Then Shipp interviewed media consultant Dora Tovar, who bid on the same piece of work, which involved oversight of the whole communications department and crisis-management coaching for the district's full-time communications staff, the ones who deal with the media. Tovar pretty directly accused LeMaster of exploiting a cozy business relationship at the school district to squeeze Tovar out of some work she wanted. She told Shipp: "Clearly it was not a transparent process, it was not an equitable one ... She was possibly drafting that RFP [request for proposals], designing the RFP, knowing anything about that particular process and still participating."

I talked to Tovar this morning, and she was more blunt.
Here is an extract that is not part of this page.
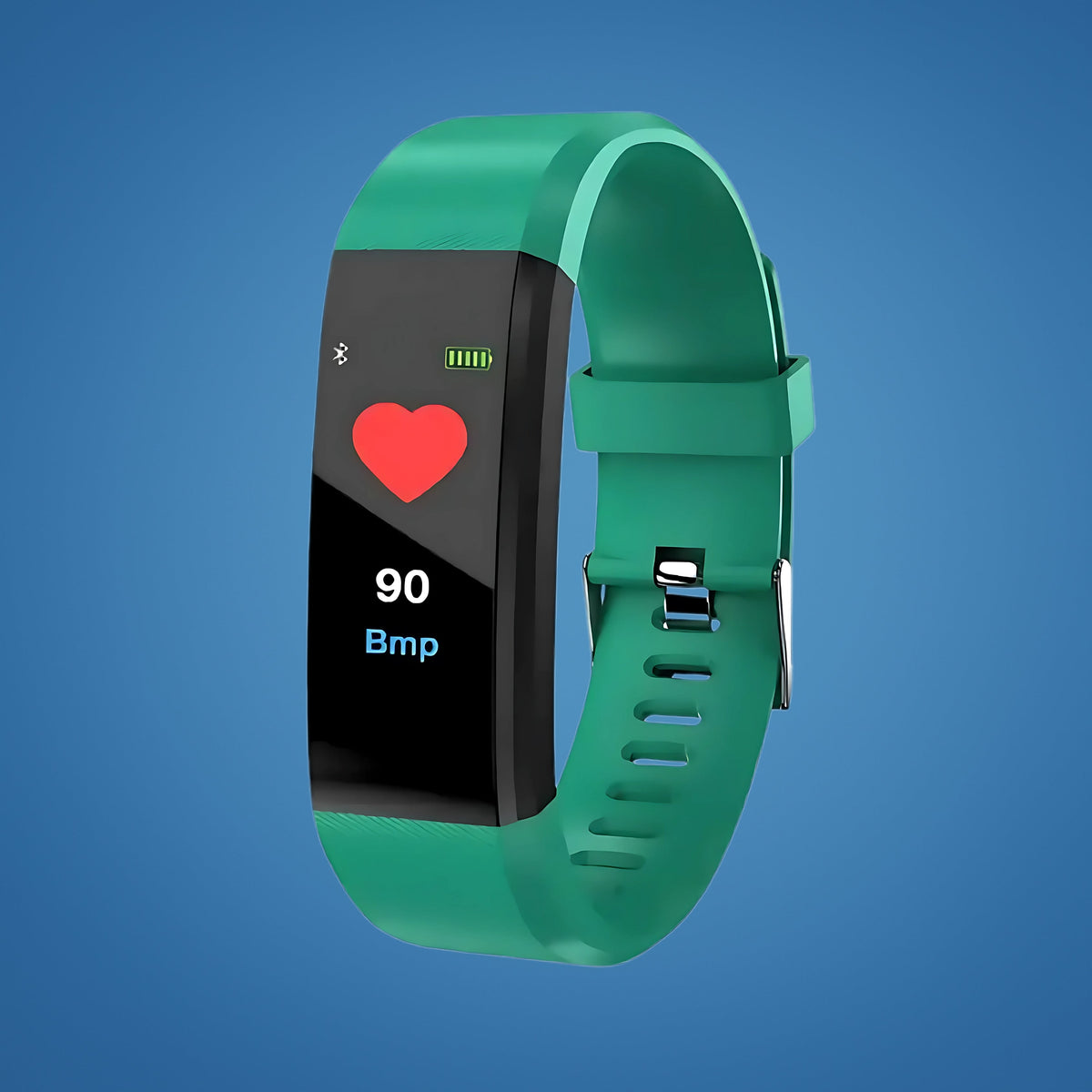 Senior GPS Smartwatch with Health Monitoring and Safety Alerts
She said Shipp had shown her documents that led her to believe LeMaster actually wrote the RFP. "There are documents that Brett has, stating that, that he showed me, that we believe, that lead [me] to believe that she wrote it."

I said, "That she wrote it."

Tovar said, "Yes, she wrote the description."

So here is where I begin to have big problems. LeMaster told me, and Shipp confirmed, that Shipp had asked her by email if she wrote the RFP or was in on it. Her answer by email was no, that she only learned of its existence late in the game, after the RFP presumably already had been sent to other potential bidders. Shipp's story did not include this exchange point for point. He said instead, "She does say she learned of the RFP at the same time as other PR consultants and has at some point assisted nearly every superintendent for free over the last 20 years."

And here's a wrinkle. LeMaster had indeed been working for DISD on a contract having to do with communications. In fact a month earlier she delivered to Miles a plan for restructuring the communications department. And, indeed, here she was back, as Shipp reported, bidding on another communications-related job.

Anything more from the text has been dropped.